DAVID
LIVINGSTONE
(19-03-1813 - 1-05-1873)
David Livingstone was an explorer and Scottish missionary.
He
was born in Blantyre, South Lanarkshire and studied medicine and theology
at Glasgow University. He later moved to London and became a minister
joining the London Missionary Society.
In 1840 he worked in Beuchanaland (now Botswana) but was unable to reach
South Africa because of the Boer war.
During his explorations in Africa between 1852-56 his mission was, to
open trade routes whilst gathering useful information about the lagely
unknown continent.
He was the first European to see the magnificent water falls which he
renamed the Victoria Falls after the monarch Queen Victoria.
A statue of Livingstone is situated at Victoria Falls with his motto
inscribed on the base ' Christianity, Commerce and Civilization"
His
expeditions included following the Zambezi River which lasted from 1858
intil 1864, they found the Zambezi to be unnavigable beyond the Cabora
basa Radids and the government recalled the expedition.
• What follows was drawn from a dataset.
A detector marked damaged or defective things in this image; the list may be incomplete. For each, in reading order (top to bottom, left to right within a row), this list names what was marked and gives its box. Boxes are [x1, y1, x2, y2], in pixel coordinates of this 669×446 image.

The press made
a big deal of highlighting Livingstone's failures, and he returned home
breifly before setting out again in March 1866 to find the highly debated
'Source of the Nile'
Deep
in Africa, Livingstone lost contact with the outside world for six years.
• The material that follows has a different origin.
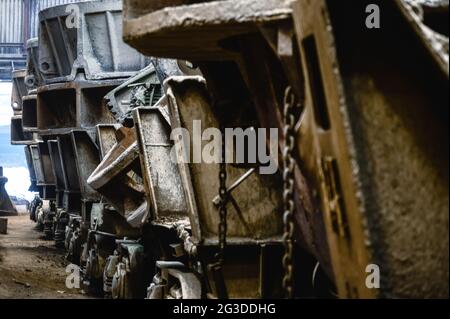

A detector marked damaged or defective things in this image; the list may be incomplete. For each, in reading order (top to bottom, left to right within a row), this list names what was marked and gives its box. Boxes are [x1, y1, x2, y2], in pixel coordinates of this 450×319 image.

rusty metal surface [38, 0, 149, 84]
In 1871 Henry Morton Stanley was sent as a publicity
stunt by The New York Herald to find him, eventually tracking him to
Ujiji on the shores of Lake Tanganyika and giving rise to the saying
for which he is best known.
"
Dr, Livingstone I presume?"
They both explored the north of Tanganyika (now Tanzania) for a time
until Stanley left the next year urging Livingstone to return to Britian.
Refusing to give up until his mission was complete, he worked on until
he contacted malaria and a bowel obstruction which caused internal bleeding
in 1873 and he died in Chitambo, Barotseland (now Zambia).
His loyal attendants carried his body over a thousand miles and he was
returned to Britian where he was for buried in Westminster Abbey.